In all forms of media, there are numerous purposes the author or producer could have intended their work for. With movies, unless it’s a documentary, our first thought is usually entertainment. But behind the glamour of Hollywood, there is usually a deeper meaning that will reflect a part of culture’s problems. There are hidden messages or plain truths laid out in plain sight for a viewer to absorb and ponder.

Some of these movies are so heavily laden with critical content that to the mainstream viewer they are no longer appealing, or they are too strange to be entertaining. These films are generally the focus of the Oscar nominations.

Fox Searchlight.

But the Oscar voters, or panelists, are not the only ones who can see the value in a movie like “Three Billboards Outside Ebbing, Missouri,” a film that tells the story of an outraged mother who demands justice for her daughter’s murder.  Many haven’t even heard of this film; let alone seen it, but the movie is fervent and makes subtle attempts at dark comedy. It’s shaking and well performed, and it pushes the audience to see these problems in their own societies. There has been activism inspired by the movie, even copycats of the billboards customized to relevant causes.
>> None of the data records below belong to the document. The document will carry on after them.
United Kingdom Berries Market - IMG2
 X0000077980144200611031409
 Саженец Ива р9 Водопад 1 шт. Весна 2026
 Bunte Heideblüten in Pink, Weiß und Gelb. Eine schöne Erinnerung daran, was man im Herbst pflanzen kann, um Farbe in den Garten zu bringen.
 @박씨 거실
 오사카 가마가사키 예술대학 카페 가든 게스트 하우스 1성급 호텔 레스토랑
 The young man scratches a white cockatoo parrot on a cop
Movies like “Three Billboards” make people shift, uncomfortably, and realize these are real problems that need to be solved in our real world. Movies like this deserve attention.

Yes, there is joy and bliss in a movie like Black Panther that can connect so many African-American people to praise producers for using authentic African cultures to make the fictional Wakanda realistic. And yes, movies can be both entertaining and culturally valuable. But, there is critical value in a movie that doesn’t mainly claim to entertain.

There is immense cultural context whether satirical, metaphorical or blatant in critically acclaimed movies that bear the same weight as the assigned reading from your English courses that made you look for SparkNotes.

I recommend that you give the movies nominated this year a chance. You might find that you agree with sentiments you never thought you would. You might find you come away wanting to rant to someone how it upset you or excited you. You might even find the energy to do something about your real word problems.